Re: Is Recovery actually paused?

From: Dilip Kumar <dilipbalaut(at)gmail(dot)com>
To: Kyotaro Horiguchi <horikyota(dot)ntt(at)gmail(dot)com>
Cc: Yugo Nagata <nagata(at)sraoss(dot)co(dot)jp>, Masahiko Sawada <sawada(dot)mshk(at)gmail(dot)com>, Robert Haas <robertmhaas(at)gmail(dot)com>, Bharath Rupireddy <bharath(dot)rupireddyforpostgres(at)gmail(dot)com>, Simon Riggs <simon(at)2ndquadrant(dot)com>, PostgreSQL Hackers <pgsql-hackers(at)lists(dot)postgresql(dot)org>
Subject: Re: Is Recovery actually paused?
Date: 2021-02-04 04:58:02
Message-ID: CAFiTN-tTAa66hEFUAF=6_H9SFe9NJe34Yp95-vFnS4tk4F=s3A@mail.gmail.com
Views: Raw Message | Whole Thread | Download mbox | Resend email
Thread:
Lists: pgsql-hackers

On Mon, Feb 1, 2021 at 1:41 PM Dilip Kumar <dilipbalaut(at)gmail(dot)com> wrote:
>
> On Mon, Feb 1, 2021 at 11:59 AM Kyotaro Horiguchi
> <horikyota(dot)ntt(at)gmail(dot)com> wrote:
> >
> > At Sun, 31 Jan 2021 11:24:30 +0530, Dilip Kumar <dilipbalaut(at)gmail(dot)com> wrote in
> > > On Fri, Jan 29, 2021 at 4:33 PM Dilip Kumar <dilipbalaut(at)gmail(dot)com> wrote:
> > > >
> > > > On Fri, Jan 29, 2021 at 3:25 PM Yugo NAGATA <nagata(at)sraoss(dot)co(dot)jp> wrote:
> > > > >
> > > > > On Thu, 28 Jan 2021 09:55:42 +0530
> > > > > Dilip Kumar <dilipbalaut(at)gmail(dot)com> wrote:
> > > > >
> > > > > > On Wed, Jan 27, 2021 at 2:28 PM Dilip Kumar <dilipbalaut(at)gmail(dot)com> wrote:
> > > > > > >
> > > > > > > On Wed, Jan 27, 2021 at 2:06 PM Yugo NAGATA <nagata(at)sraoss(dot)co(dot)jp> wrote:
> > > > > > > >
> > > > > > > > On Wed, 27 Jan 2021 13:29:23 +0530
> > > > > > > > Dilip Kumar <dilipbalaut(at)gmail(dot)com> wrote:
> > > > > > > >
> > > > > > > > > On Wed, Jan 27, 2021 at 12:50 PM Masahiko Sawada <sawada(dot)mshk(at)gmail(dot)com> wrote:
> > > > > > > > > >
> > > > > > > > > > On Tue, Jan 26, 2021 at 2:00 AM Robert Haas <robertmhaas(at)gmail(dot)com> wrote:
> > > > > > > > > > >
> > > > > > > > > > > On Sat, Jan 23, 2021 at 6:10 AM Bharath Rupireddy
> > > > > > > > > > > <bharath(dot)rupireddyforpostgres(at)gmail(dot)com> wrote:
> > > > > > > > > > > > +1 to just show the recovery pause state in the output of
> > > > > > > > > > > > pg_is_wal_replay_paused.

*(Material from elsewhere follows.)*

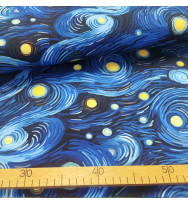 Sommersweat Starry Night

But, should the function name
> > > > > > > > > > > > "pg_is_wal_replay_paused" be something like
> > > > > > > > > > > > "pg_get_wal_replay_pause_state" or some other? To me, when "is" exists
> > > > > > > > > > > > in a function, I expect a boolean output. Others may have better
> > > > > > > > > > > > thoughts.
> > > > > > > > > > >
> > > > > > > > > > > Maybe we should leave the existing function pg_is_wal_replay_paused()
> > > > > > > > > > > alone and add a new one with the name you suggest that returns text.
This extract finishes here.